Mac knew he had to drop this resentment, but it was hard to let go when Lilith's secret abilities had caught him so completely off guard. The revelation had wrecked what he thought might have been the relationship of a lifetime. They'd been so compatible. So in sync. But that had been an illusion. A con. She'd used her powers to become his perfect partner. She'd stripped away his free will. Made him fall in love.
Lord, how pathetic.
Except for the one supersize secret of her psychic ability, Lilith had been the quintessential what-you-see-is-what-you-get woman. And now that he thought about it, she hadn't really kept a secret at all. She'd said from the start that she was a genuine clairvoyant. He'd simply never believed her.

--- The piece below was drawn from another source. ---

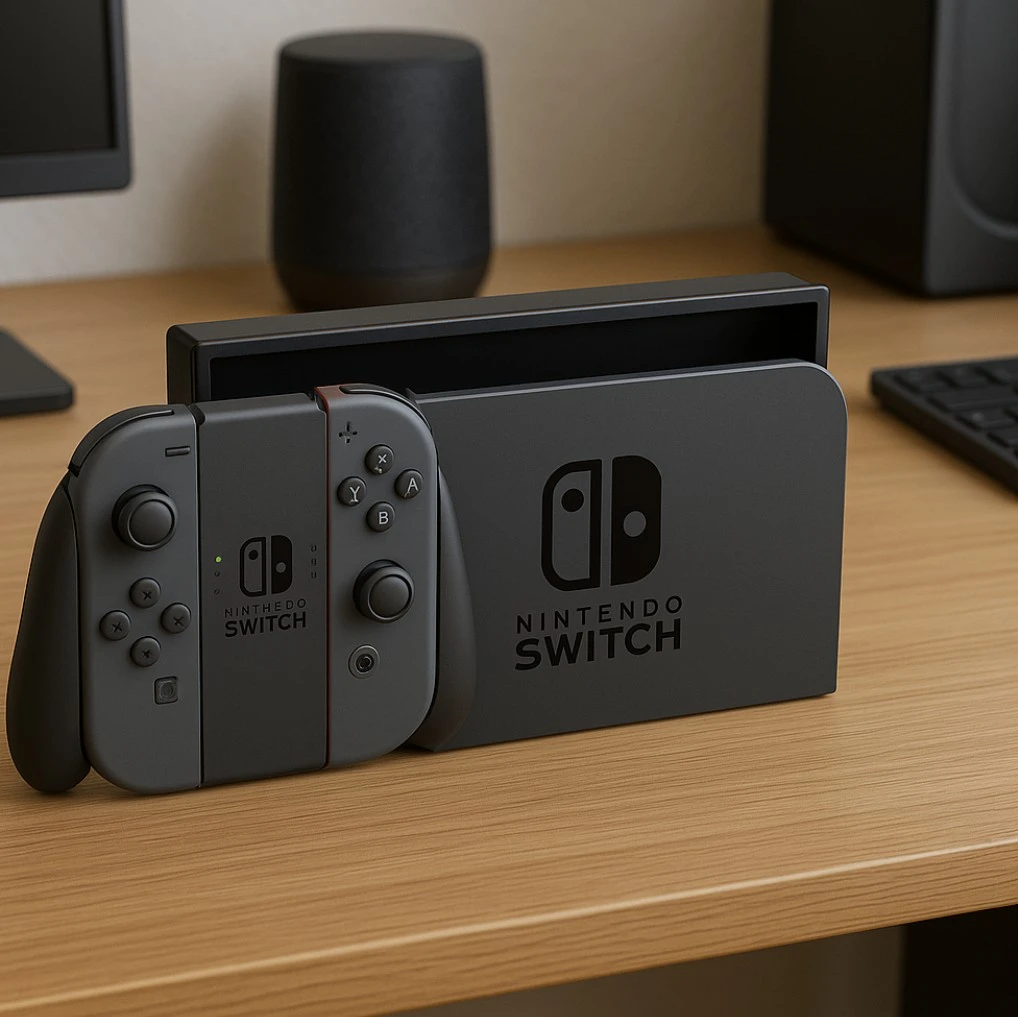 Switch 2 posé sur un bureau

Sure, he'd used her in his investigations, having met her when the parents of a missing child had begged her to help find their daughter. He remembered their first encounter vividly. She'd been in the little girl's room. Alone. Lightly fingering a tiny porcelain tea set, her eyes glossy, her cheeks streaked. She didn't try to cover up her emotions when he barged in but instead threw them at him like weapons. She'd been raw and uninhibited and larger than life. He'd instantly realized that she wasn't some charlatan trying to raise false hopes in the hearts of desperate parents. She hadn't wanted to be there. She hadn't wanted to help. But she had, and the child who had disappeared without a clue, without a trace, had been recovered in less than twelve hours.
Mac tried to remember exactly how he'd rationalized her talents back then, but accepting that she possessed real extrasensory power had never been an option. He'd simply attributed her talents to hypersensitivity in reading other people. The missing child's stepfather had, after all, been involved in the kidnapping. She'd realized quickly that he had been lying and had not only produced the child relatively unharmed, but had also helped Mac wrangle a confession that had held up in court.
After her initial performance, Mac had authorized her to work with the department, mostly with interrogations. She was more reliable than any polygraph and much nicer to look at than a department examiner. He'd established a comfortable sexual banter with her that inevitably exploded into a full-blown affair the night he'd lost a detective in the line and she'd shown up as if she'd known someone had ripped a hole in his gut.
From that night on he'd ignored all the other signs that pointed him toward facts he couldn't accept. How could one person know what another person was thinking? He'd made a conscious effort to never lie to her, since she was so adept at ferreting out the truth, but he'd never in a million years imagined that she could creep into his psyche and extract tiny facts and fantasies he'd never admit to out loud.
And now, with her on her way back into the precinct and his life, he wouldn't be able to hide anything from her.
Or from himselfand that rankled most of all.